Carol Trainer could hardly process what was happening. To her, a 60-year-old grandmother and Vietnam veteran, of all people. On Memorial Day, of all times. Arrested for protesting the war at, of all places, Abbey Road on the River, an annual five-day Beatles tribute that had adopted a fortieth-anniversary Summer of Love theme for 2007.

Forty years ago, when the Louisville native married Air Force officer Harold Trainer, Carol wouldn't have gone near anything associated with the Summer of Love. "I wasn't an activist; just the opposite, in fact." But since 2002, when the Trainers--he retired from twenty-three years in the Force, she from eleven years as a Northwest Airlines flight attendant--found that they couldn't keep quiet about the catastrophe that was poised to unfold in Iraq, they've been unlikely stalwarts in one of the country's feistiest grassroots antiwar movements.

At Abbey Road, Carol had joined cohorts from the Louisville Peace Action Community (LPAC), passing out end-the-war pamphlets to incoming patrons--many of them young folks duded up for the occasion in flowers, beads and peace signs. Early that afternoon, she'd decided to join the fun inside, have a couple of beers and dance along to the music she'd missed in the '60s. After spotting a couple of youngsters holding up peace-symbol signs, she figured it would be OK to walk around with her bright blue End the War! sign. The festival's producer gave her explicit permission to do so. After all, it was perfectly in tune with the spirit of a festival whose grand finale would be a musical production called "Hell No, We Won't Go."
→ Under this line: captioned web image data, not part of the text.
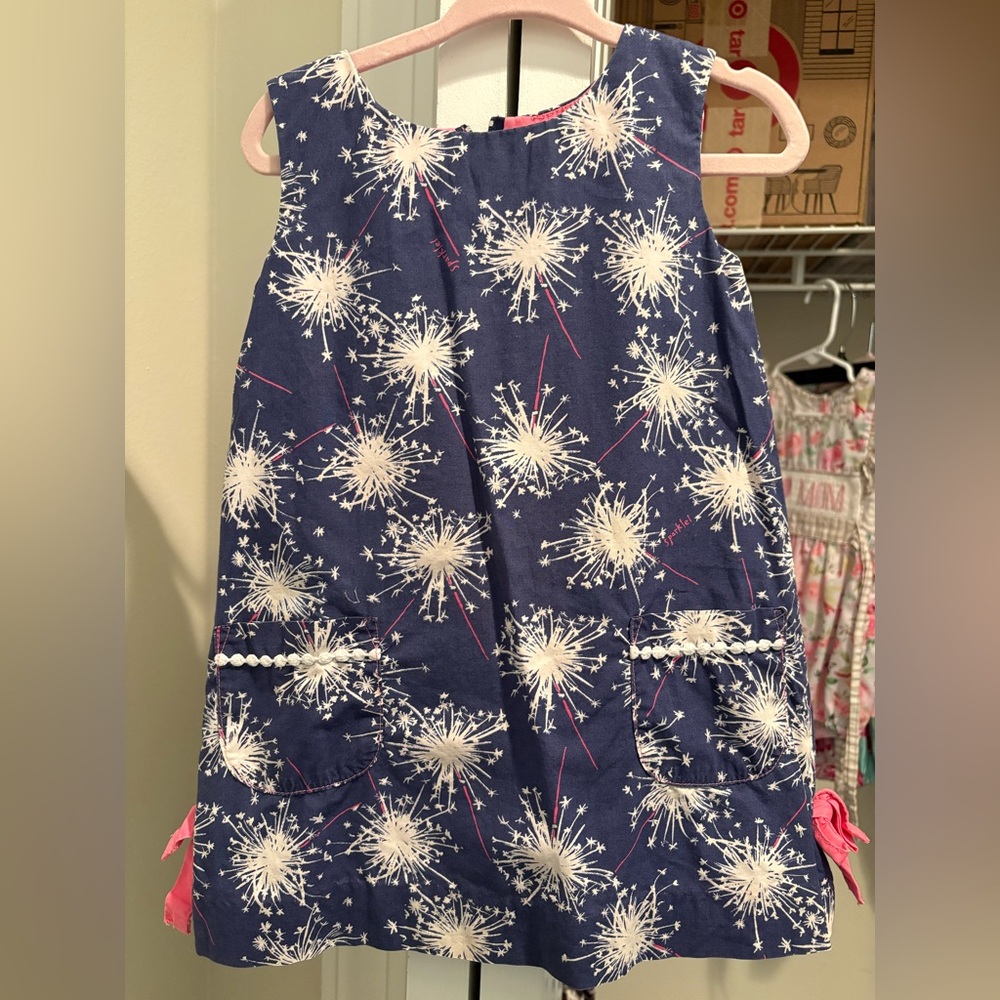 Lilly Pulitzer firework dress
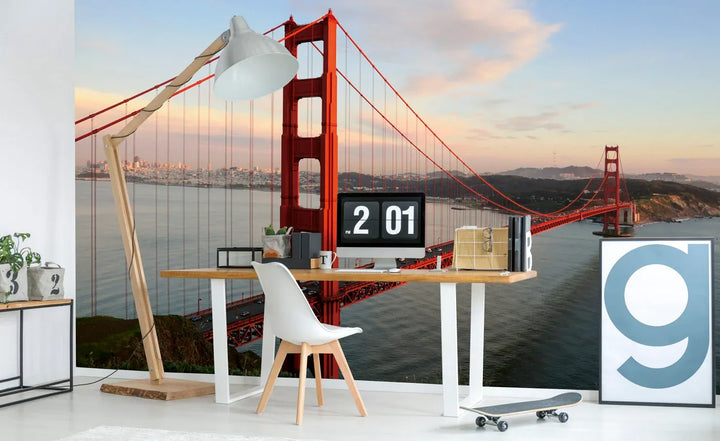 Fototapete Zelta vārtu tilts, Sanfrancisko | Flizelīns D-ART
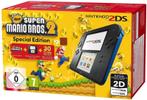 Nintendo 2DS Zwart/Blauw in Doos + New Super Mario Bros 2..., Spelcomputers en Games, Spelcomputers | Nintendo 2DS en 3DS, Ophalen of Verzenden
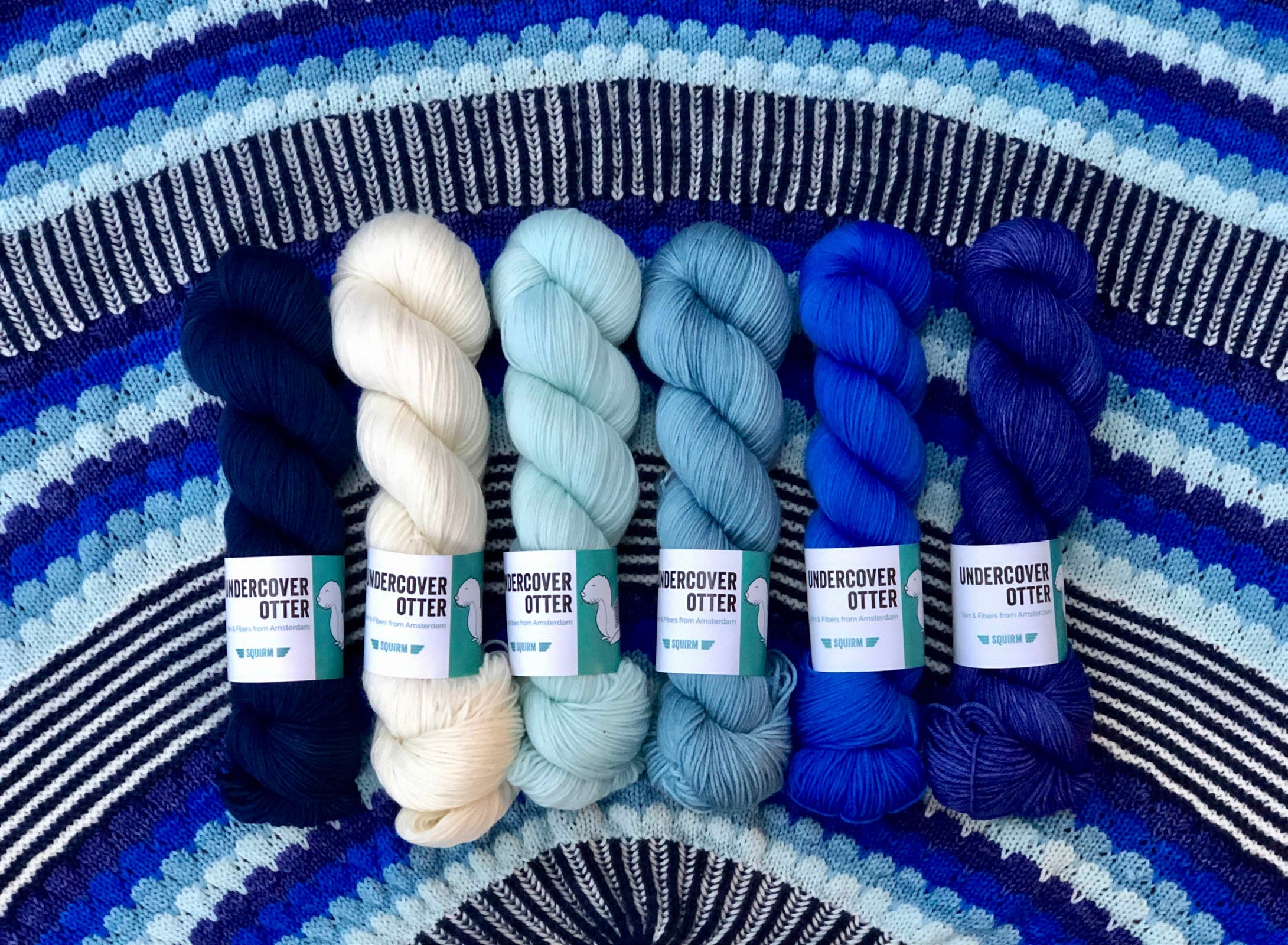 BUBBLES & BRIOCHE PATTERN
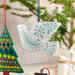 Sugarplum™ ornament (dove) - (colors: Multi) | Premium Ornaments from the Sugarplum™ collection | made with Cotton mache for long lasting use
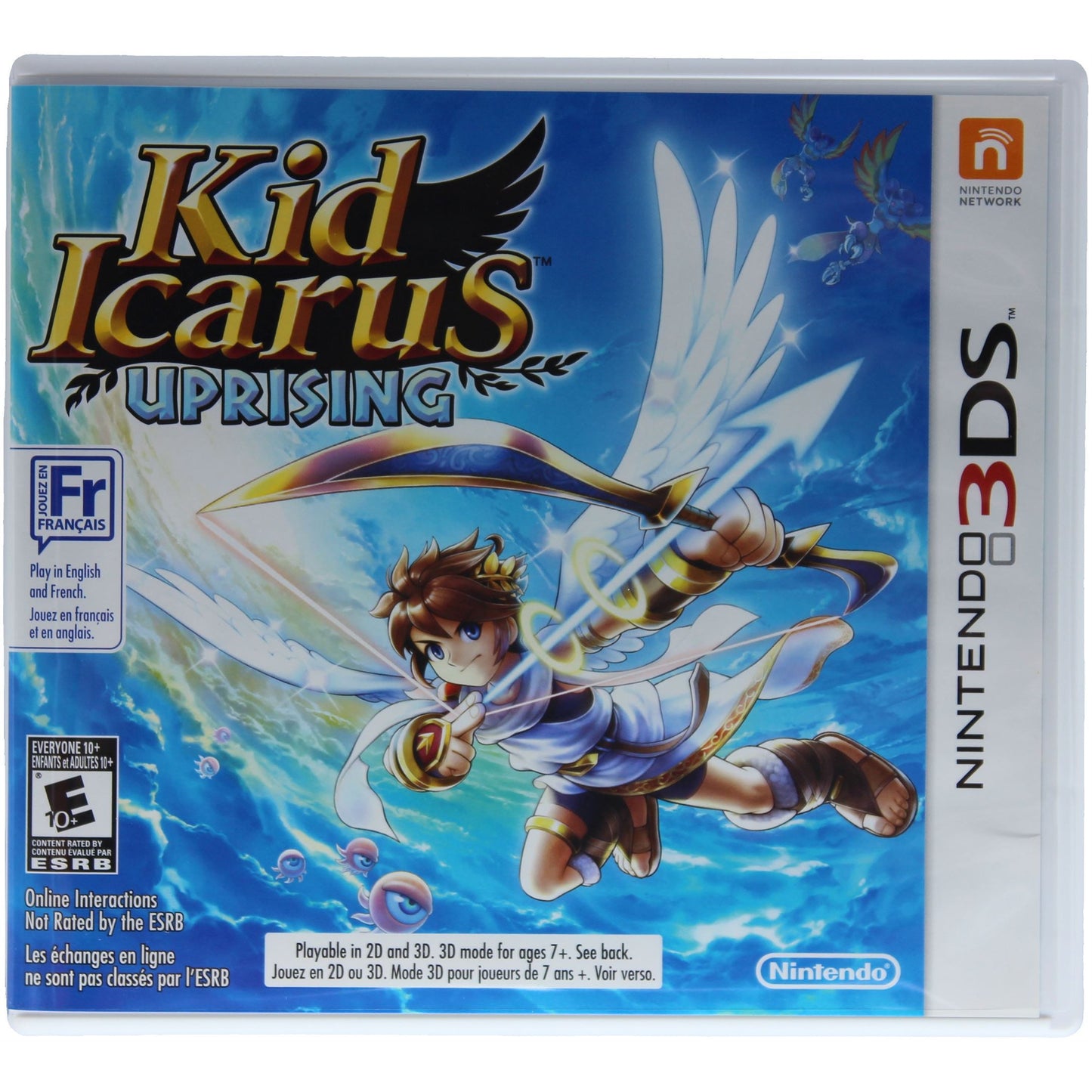 Kid Icarus:  (3DS)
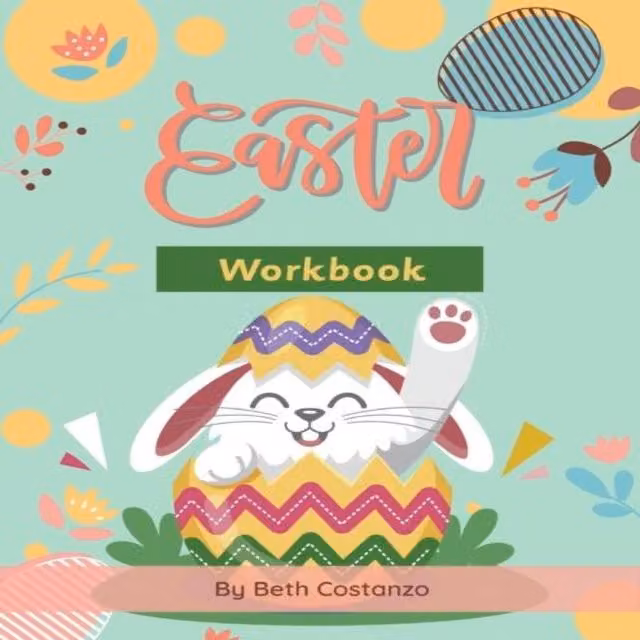 Beth Costanzo Easter Fun Activity Workbook by Majestic Learning Publishers, Multicolour Paperback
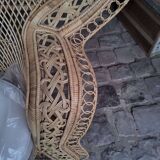 Pair of Emmanuelle armchairs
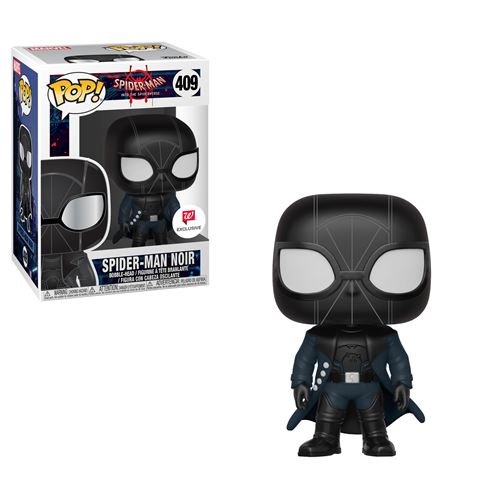 Figurine Funko Pop Bobble Spider Man Noir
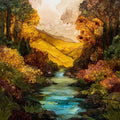 Vale of Avoca — ceramic art tile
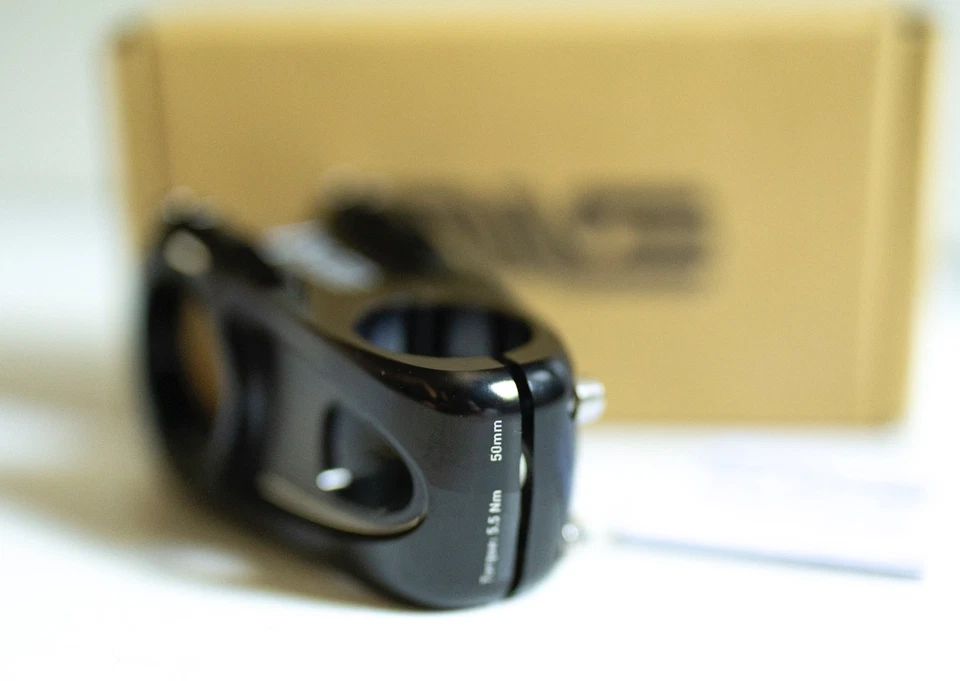 ENVE® MOUNTAIN Alloy Trail Bike 4-Bolt Premium Stem 35mm x 50mm - $140 MSRP - Image 2 of 4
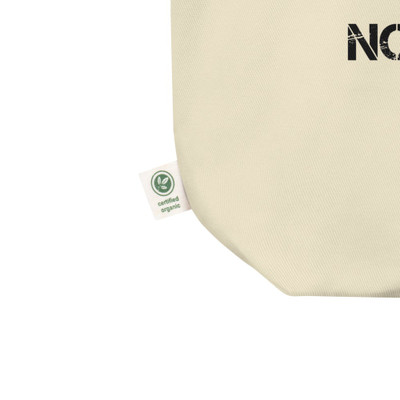 Love is a verb, not a noun. - Organic Cotton Tote Bag Motivational quotes 7840670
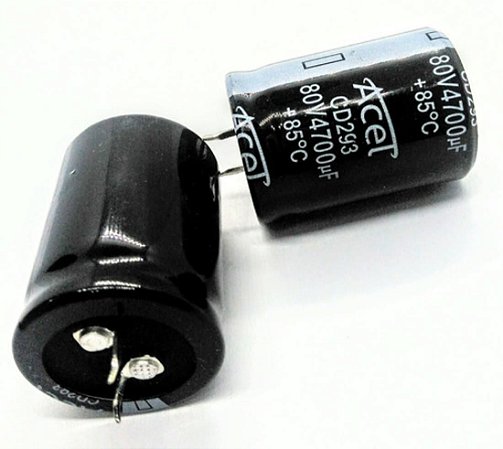 Capacitor Eletrol 4700mfx80v 25x50 Epco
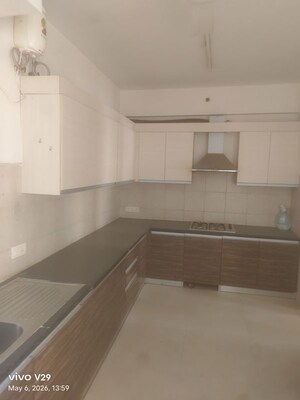 Kitchen in 4 BHK Apartment at Unitech Harmony, Sector 50 – for Sale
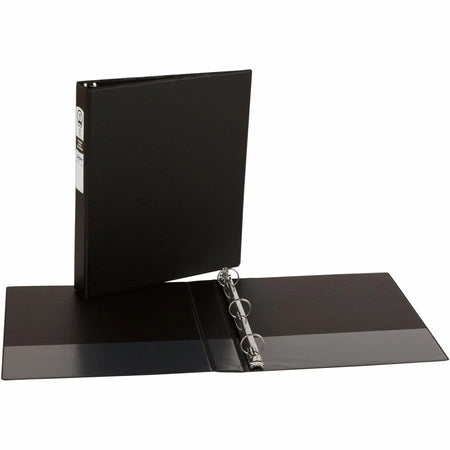 Avery® Economy Binder: 1’’ Capacity Pacific Blue 175 Sheet Round Ring 12/Carton - Binders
Trainer didn't make it that far. As she was dancing and singing along to the strains of psychedelic nostalgia, holding her sign off to the side of the main festival stage, an oversized sheriff's deputy came stalking toward her. "He comes up to me and says, 'Drop your sign,'" Trainer recalls. "I said, 'Why?' He said, 'I told you to drop your sign.' He grabbed it out of my hand when I didn't drop it. That kind of started me. I thought, What's going on here? I kept asking why and he wouldn't tell me." The only explanation Trainer received, after her arrest, was that offended patrons had complained that she was harassing them and ruining their fun. She says that while dozens of people thanked her for the message, she had been confronted by four patrons, including one veteran "who said, 'This is Memorial Day--we're here to enjoy ourselves.' I said, 'When do the people in Iraq get to enjoy themselves?'" Crying and struggling with the deputy, she tried appealing to Mayor Jerry Abramson, who was watching the show nearby, but he "just stared and glared at me and didn't say a word." The deputy and a Metro Police officer dragged her off forcefully in handcuffs. "I did not go quietly," Trainer acknowledges, and she ended up charged not only with disorderly conduct at the festival but also with resisting arrest and assaulting an officer. (Two of the charges were ultimately dropped; on the advice of LPAC's attorney, she agreed to do forty hours of community service for the resisting-arrest charge without admitting guilt.)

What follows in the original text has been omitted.